EXERCISE PROMPT: Please output the lines from the one with "A Le Roi samuse" through the end of the data exactly as written, omitting all pictures.

DATASET:
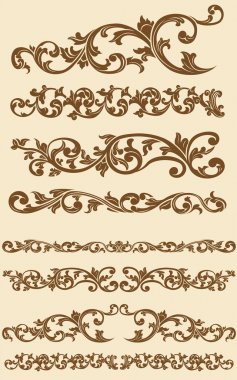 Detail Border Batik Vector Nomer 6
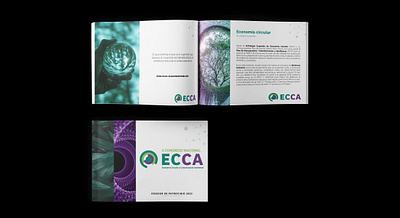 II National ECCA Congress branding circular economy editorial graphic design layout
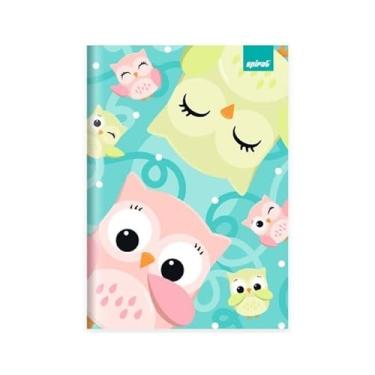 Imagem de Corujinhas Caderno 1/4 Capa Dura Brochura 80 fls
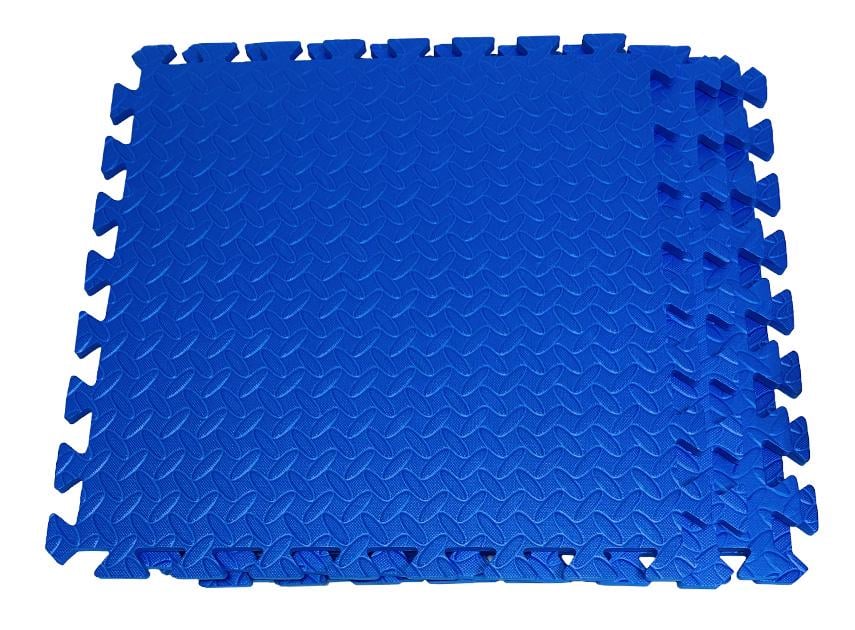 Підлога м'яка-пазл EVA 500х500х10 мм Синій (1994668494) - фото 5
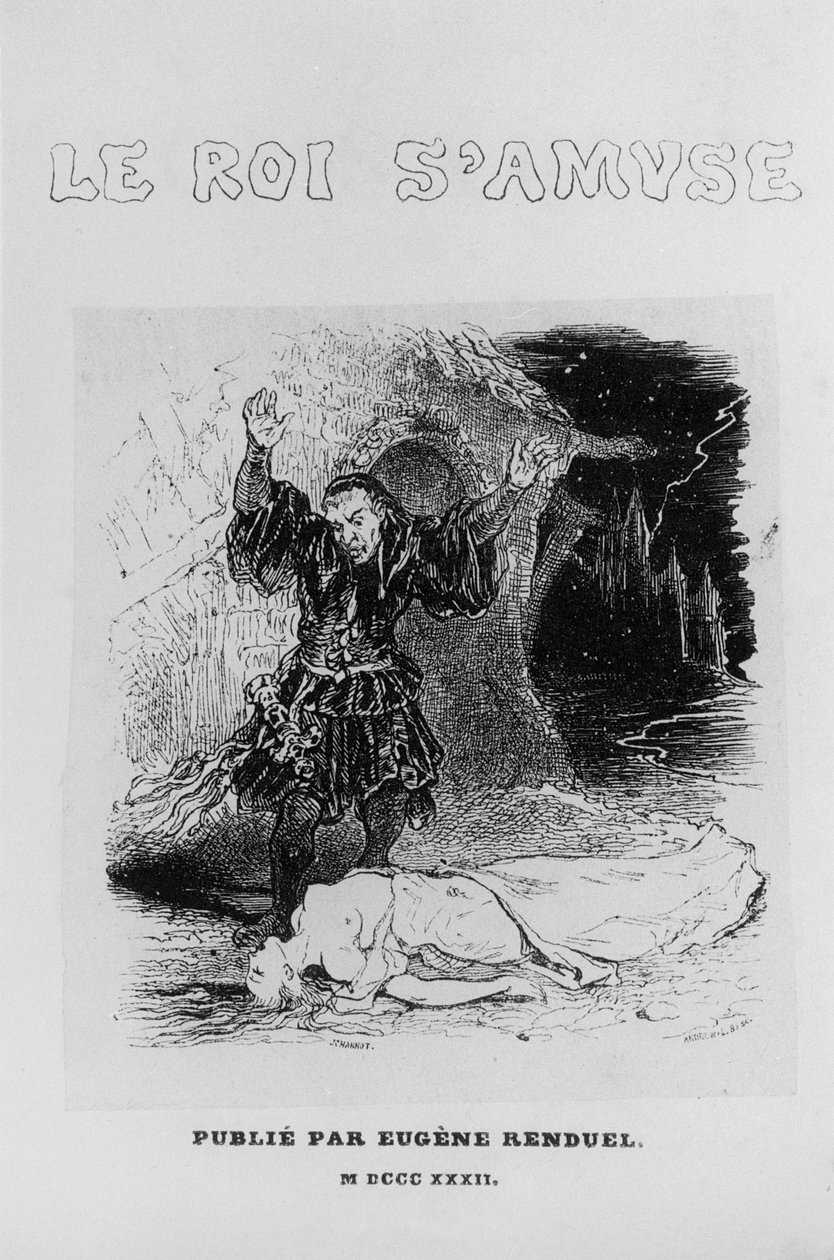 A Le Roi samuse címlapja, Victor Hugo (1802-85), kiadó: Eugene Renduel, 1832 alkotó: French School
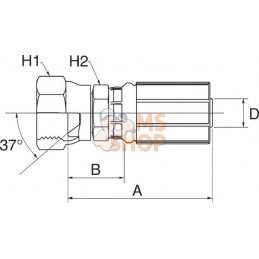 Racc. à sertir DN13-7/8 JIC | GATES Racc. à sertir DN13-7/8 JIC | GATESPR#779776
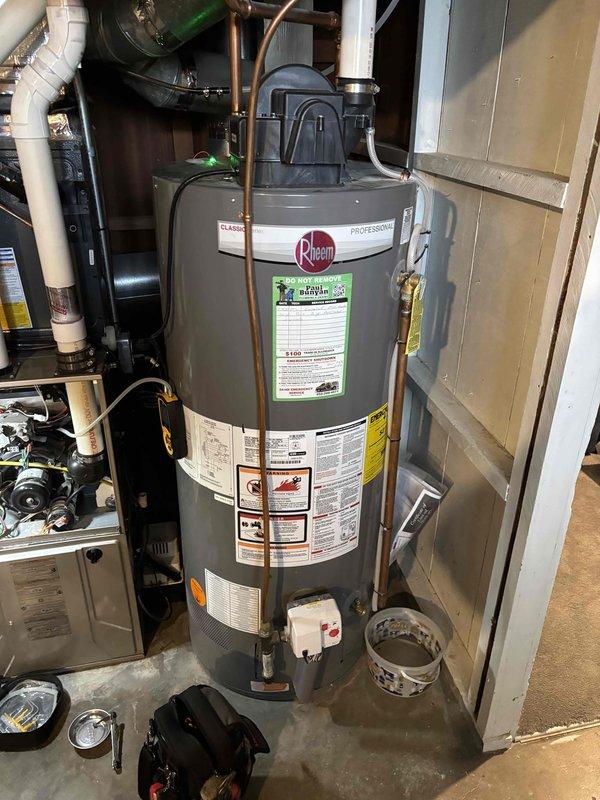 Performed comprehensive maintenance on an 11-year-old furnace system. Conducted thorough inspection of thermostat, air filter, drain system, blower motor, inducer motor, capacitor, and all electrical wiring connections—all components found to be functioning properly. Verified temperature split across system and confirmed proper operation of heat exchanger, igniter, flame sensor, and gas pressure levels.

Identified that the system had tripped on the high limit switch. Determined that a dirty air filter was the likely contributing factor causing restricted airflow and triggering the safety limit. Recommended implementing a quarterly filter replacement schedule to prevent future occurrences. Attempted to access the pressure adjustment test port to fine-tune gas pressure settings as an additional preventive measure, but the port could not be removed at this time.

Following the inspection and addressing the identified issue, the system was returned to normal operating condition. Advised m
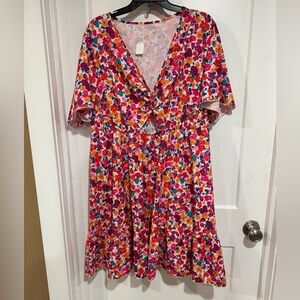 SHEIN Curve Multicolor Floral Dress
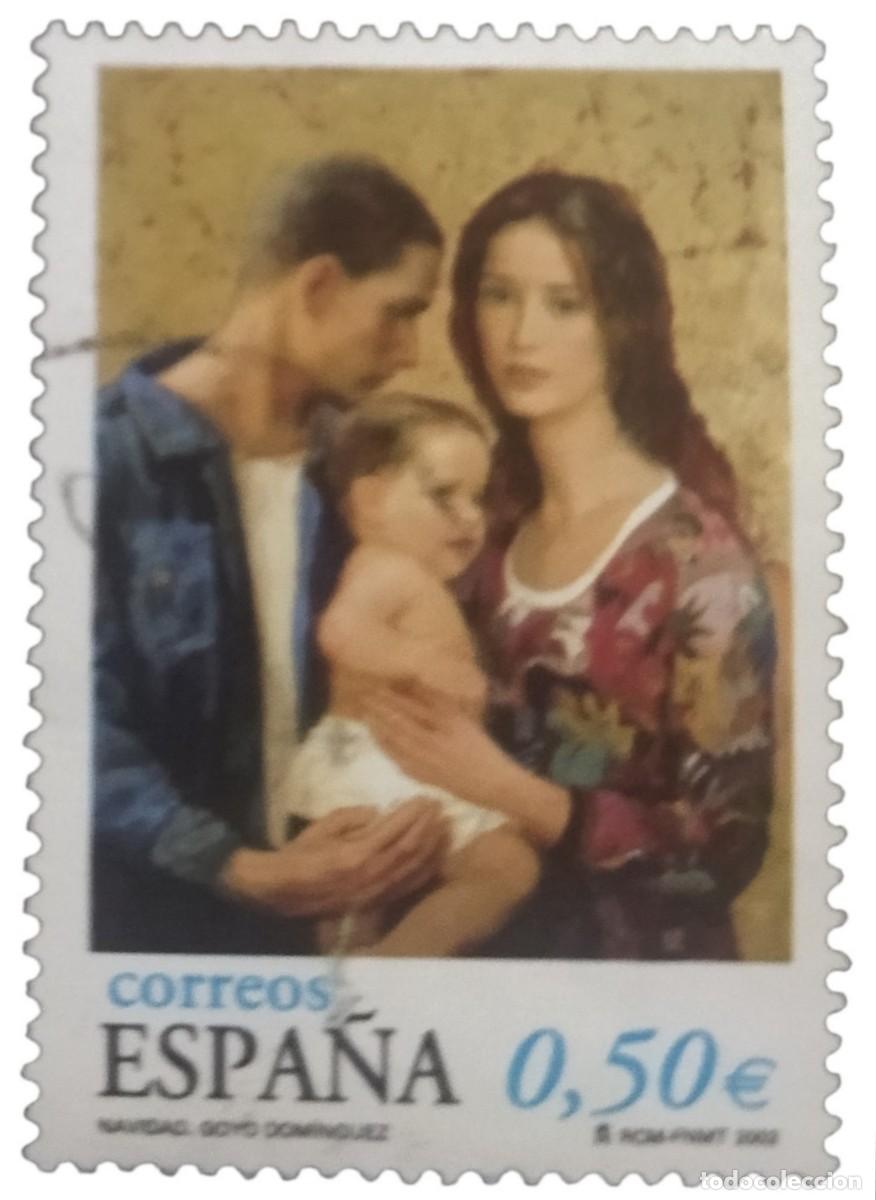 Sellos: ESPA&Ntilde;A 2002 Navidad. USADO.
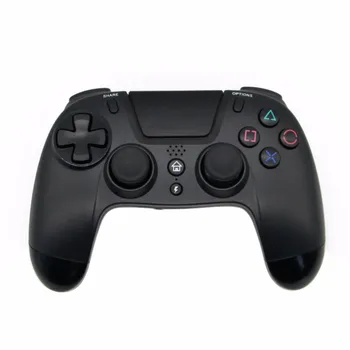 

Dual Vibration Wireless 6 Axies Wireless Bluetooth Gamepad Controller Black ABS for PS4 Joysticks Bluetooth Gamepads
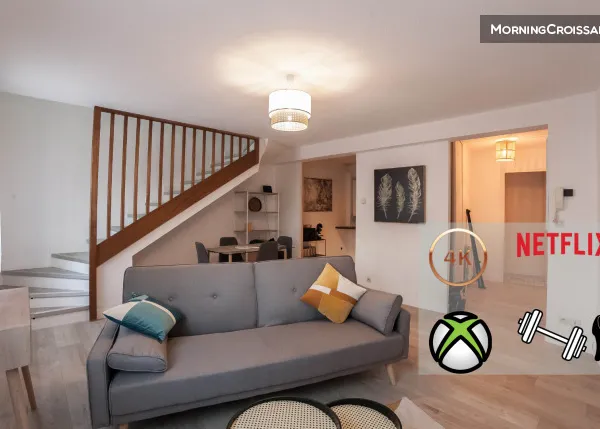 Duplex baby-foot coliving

ANSWER FOR THIS EXERCISE:
 A Le Roi samuse címlapja, Victor Hugo (1802-85), kiadó: Eugene Renduel, 1832 alkotó: French School
 Racc. à sertir DN13-7/8 JIC | GATES Racc. à sertir DN13-7/8 JIC | GATESPR#779776
 Performed comprehensive maintenance on an 11-year-old furnace system. Conducted thorough inspection of thermostat, air filter, drain system, blower motor, inducer motor, capacitor, and all electrical wiring connections—all components found to be functioning properly. Verified temperature split across system and confirmed proper operation of heat exchanger, igniter, flame sensor, and gas pressure levels.

Identified that the system had tripped on the high limit switch. Determined that a dirty air filter was the likely contributing factor causing restricted airflow and triggering the safety limit. Recommended implementing a quarterly filter replacement schedule to prevent future occurrences. Attempted to access the pressure adjustment test port to fine-tune gas pressure settings as an additional preventive measure, but the port could not be removed at this time.

Following the inspection and addressing the identified issue, the system was returned to normal operating condition. Advised m
 SHEIN Curve Multicolor Floral Dress
 Sellos: ESPA&Ntilde;A 2002 Navidad. USADO.

Dual Vibration Wireless 6 Axies Wireless Bluetooth Gamepad Controller Black ABS for PS4 Joysticks Bluetooth Gamepads
 Duplex baby-foot coliving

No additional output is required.